Oh, I've had wonderful support from my family. We've had wonderful relationships. I had close relationships with nieces, nephew. No, I've had a lot of support, and I guess not everybody has that.
Your son, daughter, grandchildren are a part of your life?
Oh, they're definitely part of my life. I'm very lucky that both my children live in my city; that my son's office is two blocks away, and he comes and has lunch with me, and my daughter two or three times a week. That's luck.
Would you ever consider living with your kids as you grow older?
I wouldn't do that to them. (Laughs.) Actually, my daughter has asked me to do that, and I said, "I like my son-in-law too much to do that to him." (Laughs.)
I live alone, and I like as little help as possible. I have a rather large apartment, but I only have someone come in four hours a week. I do everything else myself. ... Some people go to exercise class. I find that I never needed exercise class. I found a lot of exercise around the house. (Laughs.) And it isn't always just boring work. It's taking care of things you love, things you treasure owning.
Have you had conversations with your kids about a health care proxy?
My son, who has power of attorney in case anything happens to me, asked me to sign a paper that would authorize termination in case of a hopeless-looking condition, and I said, "No, I'm not signing that." There are a lot of cases where doctors have said, "This patient has three months to live," and they've lived 30 years. The body is a healing machine. It heals so much by itself. The swelling on the brain goes down. The body does it. They're not God. They can't always know exactly what's going on or how desperate it is. This was during the [Terri] Schiavo case. And I said no, and my son the lawyer asked me why. And my daughter said, "In case you are impaired for weeks and months, do you want Landey [Strongin's son] and me to come to the hospital every day and weep over you for weeks and months at a time? Is that what you want for your children? I don't want it for my children. I've signed it."

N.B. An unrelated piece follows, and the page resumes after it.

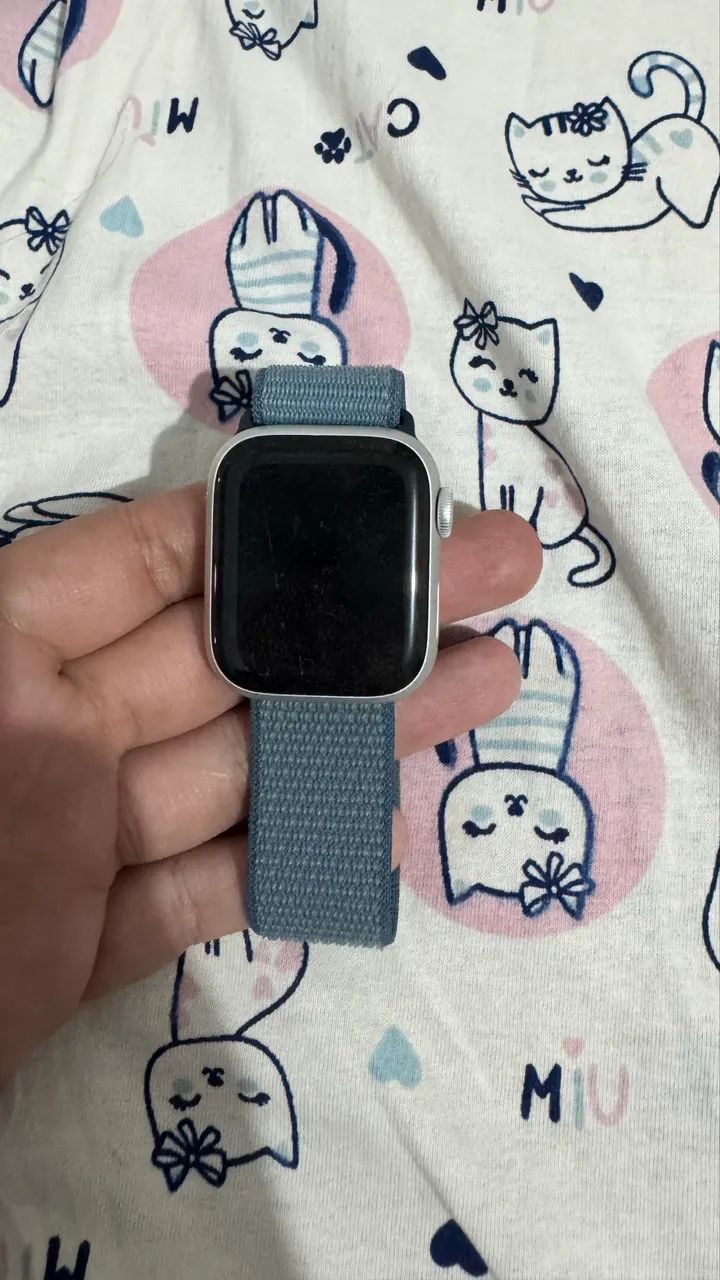 Apple Watch Série 9 41 mm  - Foto 2
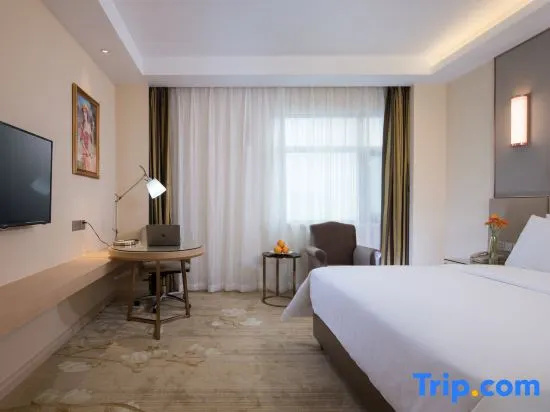 Hampton by Hilton Ulanhot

And I said, "I don't care." (Laughs.) I said, "First of all, it will never be weeks and months. My body would terminate quickly. My heart would see to it that it would be quick. And I don't want somebody making that God-like decision for me, period."

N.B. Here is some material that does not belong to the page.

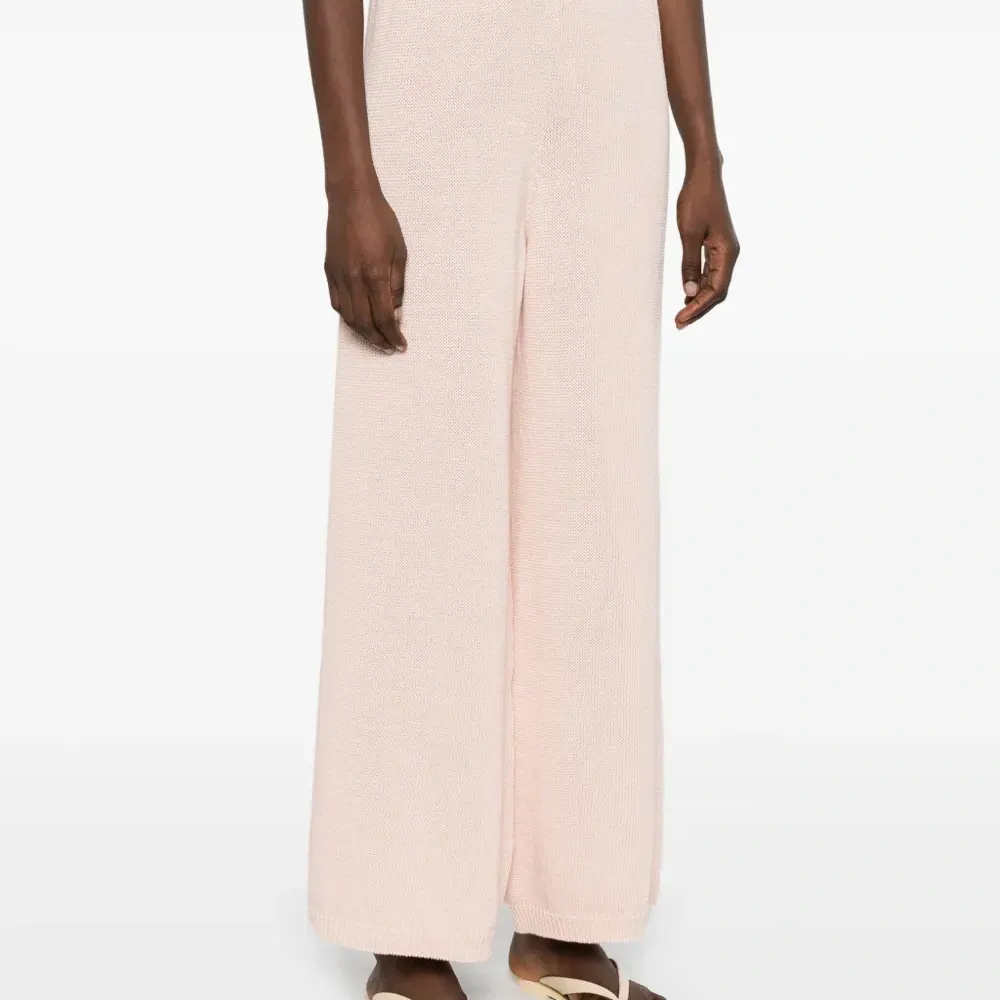 Трикотажные брюки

Maybe that's just not being willing to give up control over my life. The only way I can explain it, is that I don't think that medicine knows everything perfectly, and that while there's life, there's hope. It's part of my general optimism, I guess, and confidence that if it were that hopeless, my heart would intervene and say, "The end," and I'm willing to let it go at that.
Why do you think so many people sign those?

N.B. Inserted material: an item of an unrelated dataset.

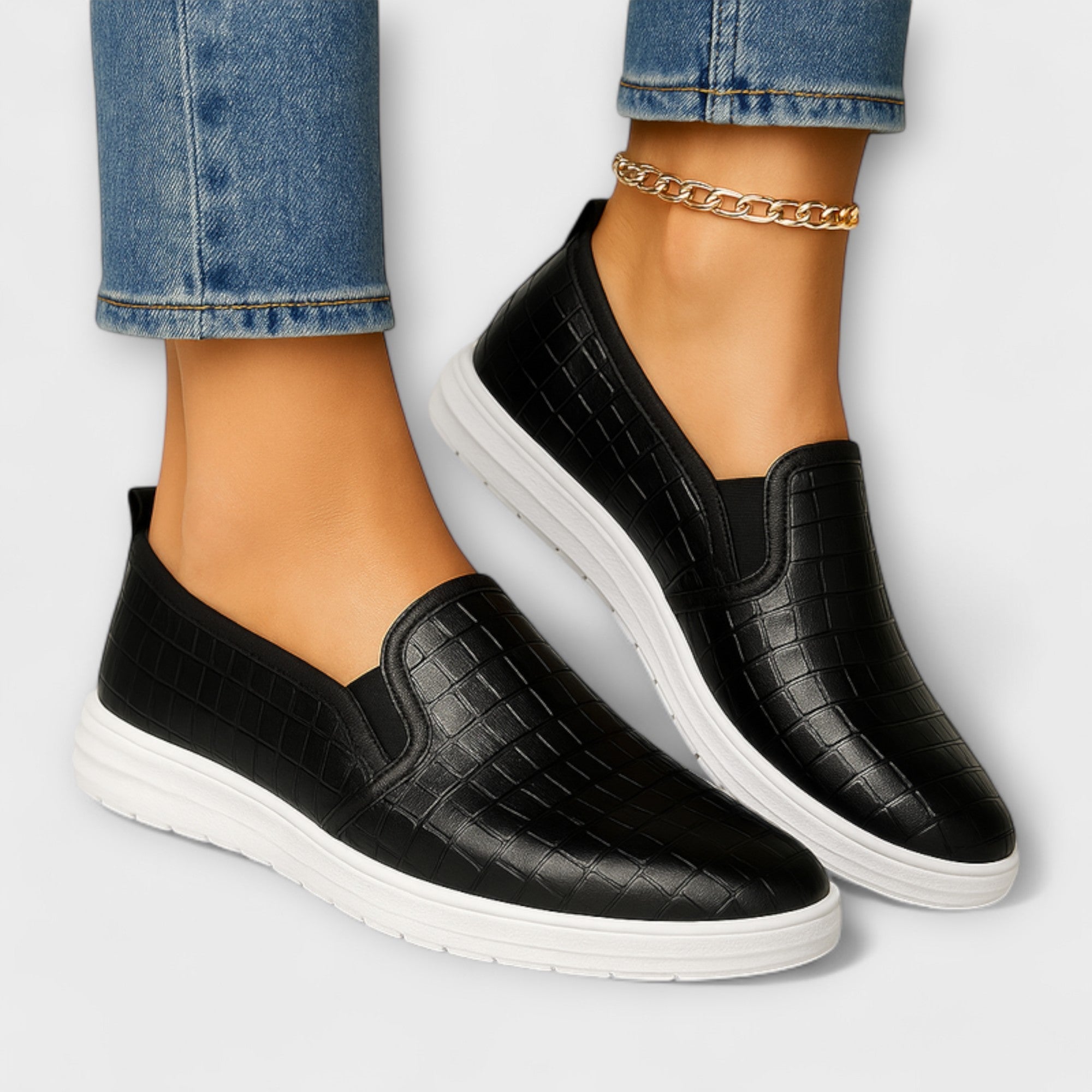 Noor™ | Instappers voor Dagelijks Comfort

Because they don't want to see their children suffer. And I said to them, "I don't care." (Laughs.) "Suffer." (Laughs.) ... I've always said, if I can open one eye and see somebody that I love, I want it. That's all.
Geriatrician, Mt. Sinai Hospital, New York CityRead the extended interview »
Has the new longevity created new burdens for family caregivers?
Most people still retire at 65, and they don't live [just] five or 10 years anymore; they live 10, 20, 30 years [more]. And savings that was enough for five or 10 years is simply not enough for 20 to 30.
If people want to stay at home, ... they're going to need help, and that help costs money. There are huge costs associated with trying to stay home. But sometimes [the funds are] just not there. Lots of times family steps up, and I see tons of people that have family caregivers that have moved in. ... There's a lot of what we call noncompensated care for older adults, which means using family members and people that don't get paid to [provide care] because it's not obtainable from other sources.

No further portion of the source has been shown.